# [What is expected]
Your reply should reproduce all the data below exactly while excluding the pictures.

*** Exercise data ***

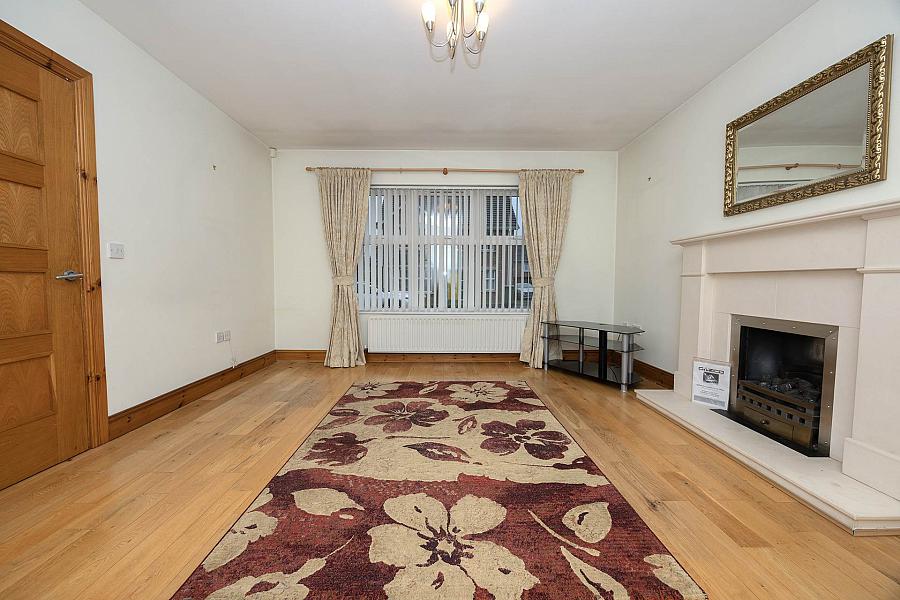 10 Woodville Gate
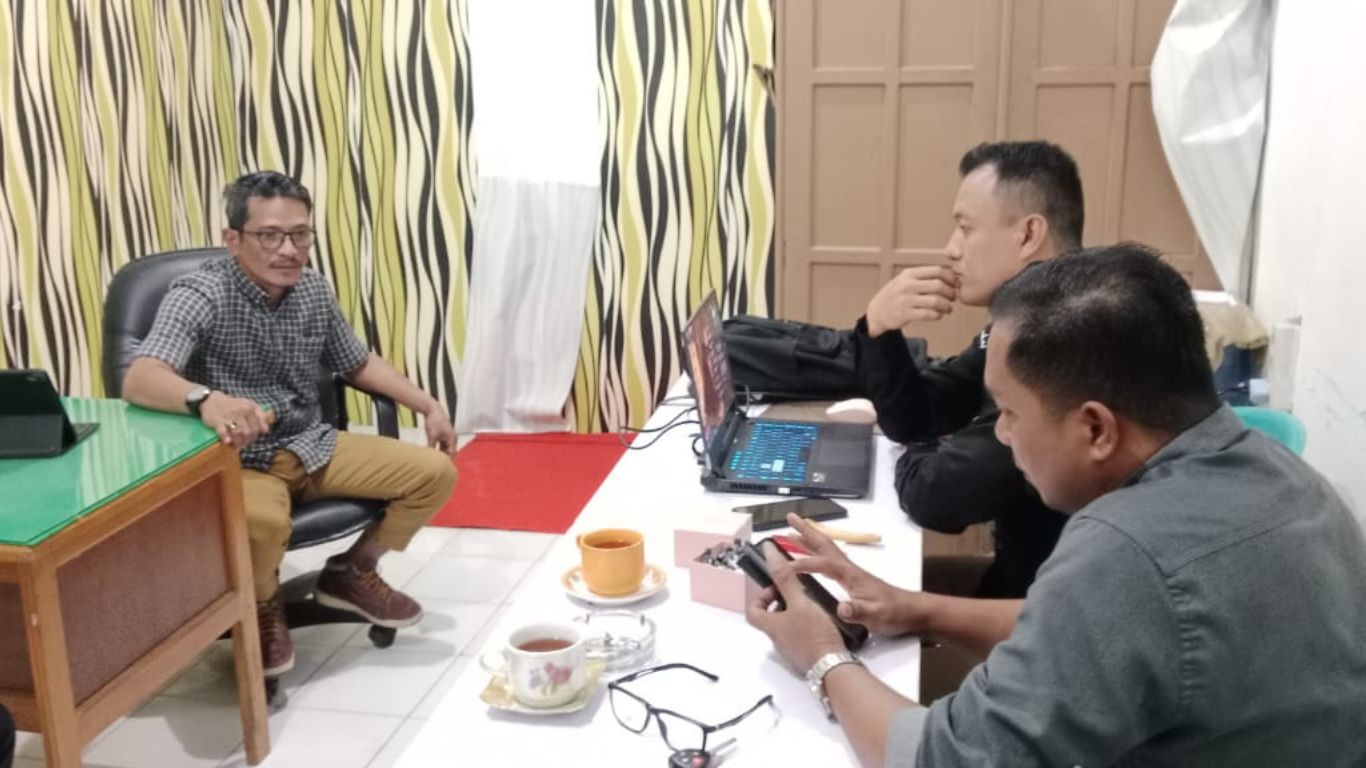 Suasana koordinasi antara Bawaslu dan KPU Tolitoli di Sekretariat KPU, membahas Pemutakhiran Data Pemilih Berkelanjutan (PDPB) untuk persiapan Pemilu Serentak 2029.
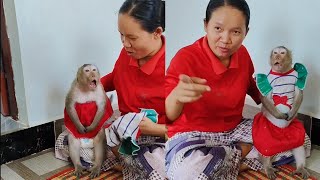 Be Comforting On Shally While Focus To Sisters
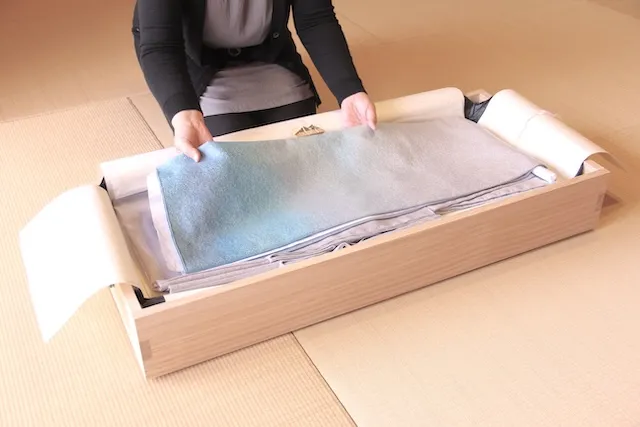 桐衣装箱に着物を収納保管するシーン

*** End of Exercise data ***

# [Output for this task]
 10 Woodville Gate
 Suasana koordinasi antara Bawaslu dan KPU Tolitoli di Sekretariat KPU, membahas Pemutakhiran Data Pemilih Berkelanjutan (PDPB) untuk persiapan Pemilu Serentak 2029.
 Be Comforting On Shally While Focus To Sisters
 桐衣装箱に着物を収納保管するシーン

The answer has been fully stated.